The data Start Marker
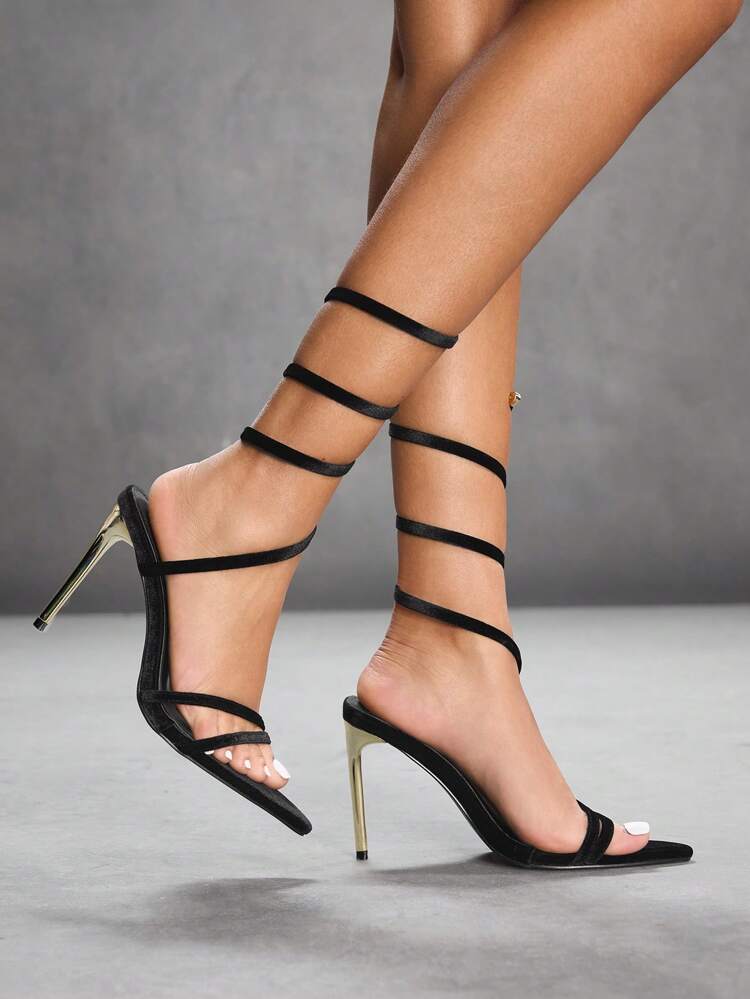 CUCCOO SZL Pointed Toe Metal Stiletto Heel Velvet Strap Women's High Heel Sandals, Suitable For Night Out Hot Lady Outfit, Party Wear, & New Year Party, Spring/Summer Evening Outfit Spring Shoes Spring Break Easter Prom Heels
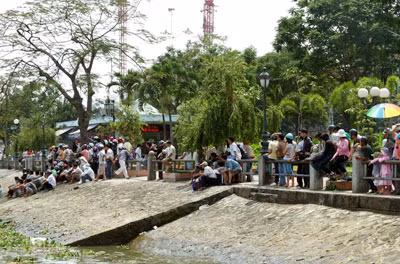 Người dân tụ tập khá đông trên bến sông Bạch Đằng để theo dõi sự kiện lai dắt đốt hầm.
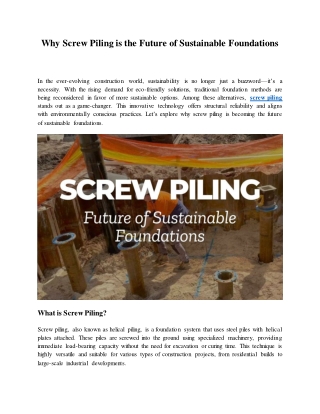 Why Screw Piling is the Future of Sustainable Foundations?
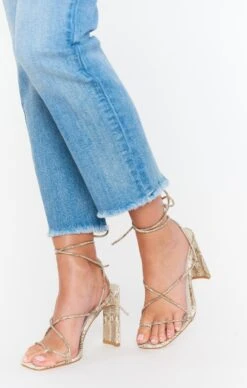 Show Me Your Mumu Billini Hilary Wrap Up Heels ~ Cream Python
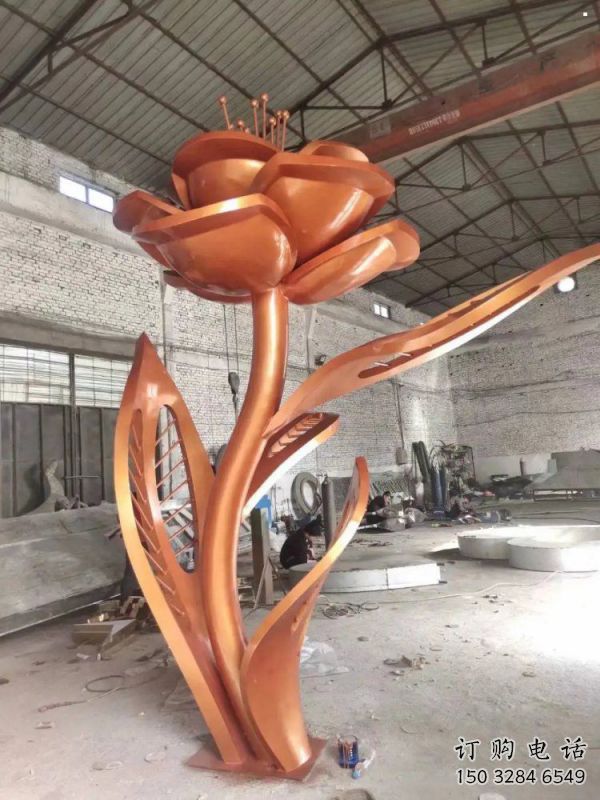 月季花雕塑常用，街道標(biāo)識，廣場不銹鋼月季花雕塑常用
The data End Marker
→ **Your objective**: Return all entries preceding this task exactly as they stand, leaving any picture out.

→ **Response to the task**:
 CUCCOO SZL Pointed Toe Metal Stiletto Heel Velvet Strap Women's High Heel Sandals, Suitable For Night Out Hot Lady Outfit, Party Wear, & New Year Party, Spring/Summer Evening Outfit Spring Shoes Spring Break Easter Prom Heels
 Người dân tụ tập khá đông trên bến sông Bạch Đằng để theo dõi sự kiện lai dắt đốt hầm.
 Why Screw Piling is the Future of Sustainable Foundations?
 Show Me Your Mumu Billini Hilary Wrap Up Heels ~ Cream Python
 月季花雕塑常用，街道標(biāo)識，廣場不銹鋼月季花雕塑常用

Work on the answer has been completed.